— Task to complete —
Give back the full listing, character for character, with no pictures.

— Data section —
=== Section Start ===
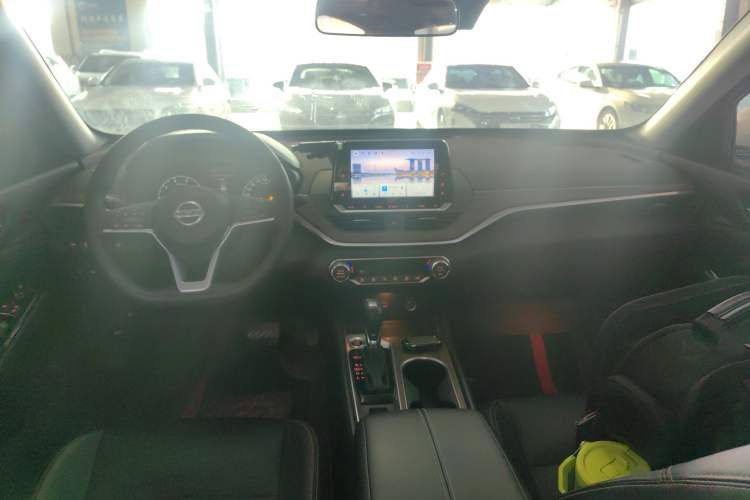 Used Nissan Teana 2021 2.0L XL Comfort Edition Center Console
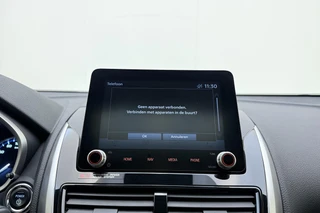 Mitsubishi Eclipse Cross 2.4 PHEV Prestige Automaat | SOH: 98% | Lederen bekleding | Panoramisch schuifdak | Stoel & Stuurverwarming | Camera | Climate control | Extra getint glas / 40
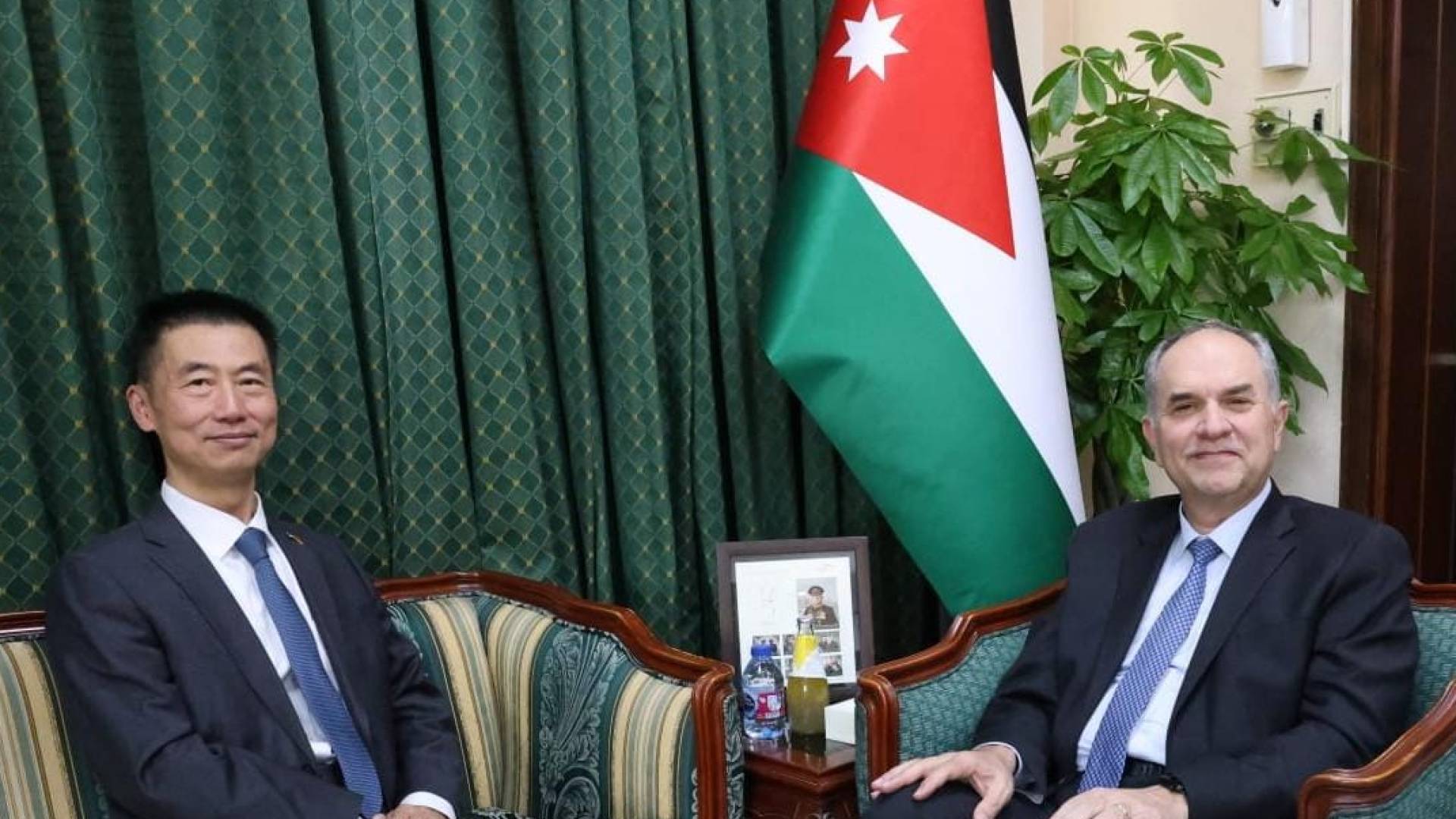 استقبل وزير العدل، الدكتور بسام التلهوني سفير جمهورية الصين الشعبية لدى المملكة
=== Section End ===
— The completed task —
 Used Nissan Teana 2021 2.0L XL Comfort Edition Center Console
 Mitsubishi Eclipse Cross 2.4 PHEV Prestige Automaat | SOH: 98% | Lederen bekleding | Panoramisch schuifdak | Stoel & Stuurverwarming | Camera | Climate control | Extra getint glas / 40
 استقبل وزير العدل، الدكتور بسام التلهوني سفير جمهورية الصين الشعبية لدى المملكة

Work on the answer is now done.